On 2025-05-01 15:56, Charlotte Eiffel Lilith Buff via Unicode wrote:
Someone on Stack Overflow had the same question a while ago, and Robin
Leroy managed to find some old documents that provide a likely explanation:
https://stackoverflow.com/questions/79104685/in-unicode-why-%e0%a5%98-is-excluded-from-composition-whereas-%c3%85-is-not/79115293#79115293

The short version is that the decomposed forms of U+0958 and similar
letters were the preferred representations by experts at the time,
presumably because ISCII also encoded them using a combining nukta.

To understand the decisions, a bit more background may help. The goal for NFC was not e.g. to save memory by using composite characters. The main goal was to match data in the wild.

This is documented in the first proposal for what later became labeled NFC, in https://datatracker.ietf.org/doc/html/draft-duerst-i18n-norm-00. The relevant paragraph reads:

>>>>
   A key design goal of the algorithm was and is that for most identi-
   fiers in current use, applying the algorithm results in the identity
   transform (i.e. the identifier is already normalized). This allows to
   continue to use existing identifiers and to start to use internation-
   alized identifiers in new settings even without all the details of
   the normalization algorithm having been agreed upon.
>>>>

For Devanagari, that meant favoring the decomposed variants, according to the experts. This was done by creating the concept of composition exclusions.

Regards,   Martin.



Am Do., 1. Mai 2025 um 06:37 Uhr schrieb Neha Gupta via Unicode <
[email protected]>:

Dear All,

I have a question regarding Unicode normalization, specifically in the
context of Indian languages and the Devanagari script. In the Unicode
Devanagari block, characters such as U+0958 (क़), U+0915 (क), and U+093C (़)
were introduced in Unicode version 1. U+0958 (क़), known as DEVANAGARI
LETTER QA, visually and functionally represents the combination of U+0915
(क) and the NUKTA sign U+093C (़).

According to Unicode Normalization Form C (NFC), normalization involves
first fully decomposing a string , and then recomposing it, except in cases
where canonical composition is blocked or the composition is explicitly
excluded in the Unicode Character Database. In this context, U+0958 is
listed as a script-specific composition exclusion, meaning the sequence
<U+0915, U+093C> is not normalized (i.e., recomposed) into U+0958.

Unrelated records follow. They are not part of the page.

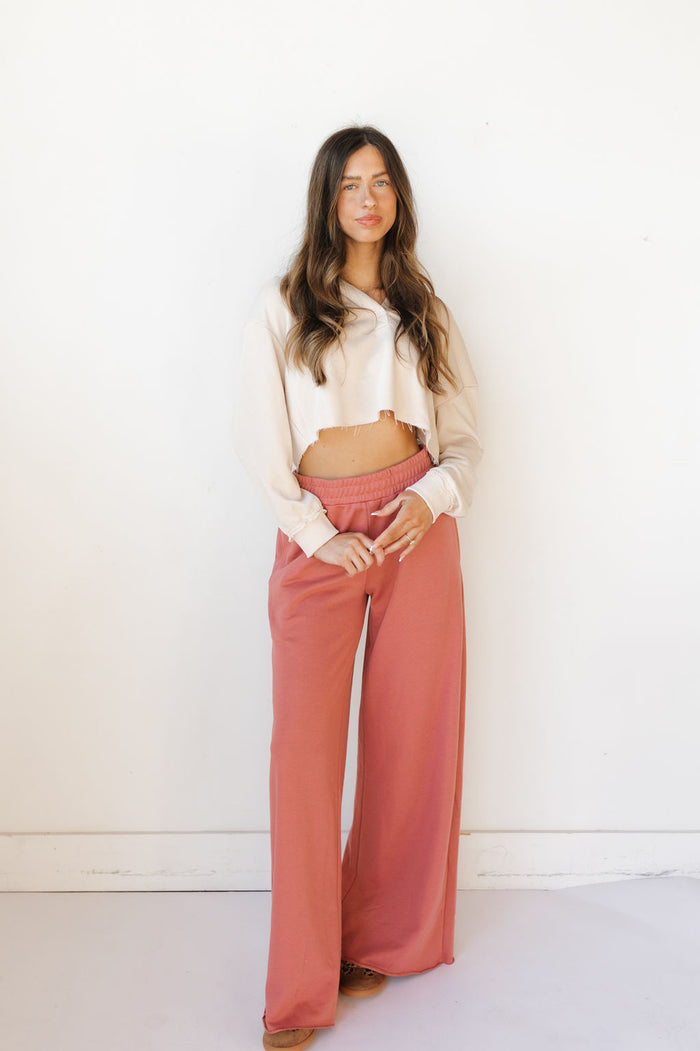 wide leg sweat pants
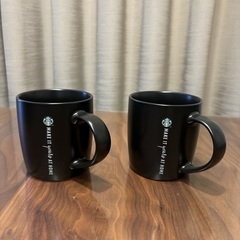 【新品・未使用】Starbucks スターバックス　限定マグカップ　2個セット　370ml　黒　陶器製の画像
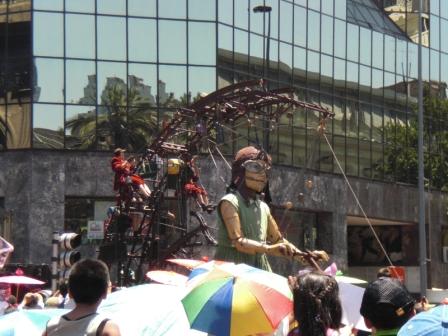 Giant Puppet on the streets of Santiago. Courtesy of Jonathan Hudson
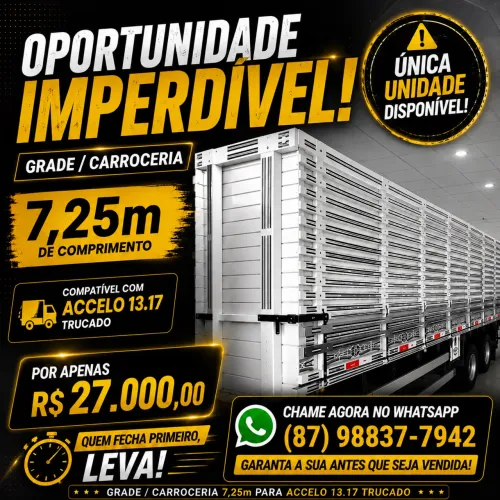 Carroceria 7,25m para Caminhão Accelo 1317 - Excelente Estado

I understand that some characters are deliberately excluded from canonical
composition to preserve distinctions important in specific scripts or
historical encoding practices. However, in this case, my confusion arises
from the fact that U+0958 was introduced in Unicode version 1, along with
its decomposable components. Given that it predates the formalization of
many normalization rules, and that the canonical equivalence between
<U+0915, U+093C> and U+0958 appears linguistically justified, I am curious
about the rationale behind its exclusion from composition.

Could you please help clarify why U+0958 is treated as a composition
exclusion despite its early inclusion?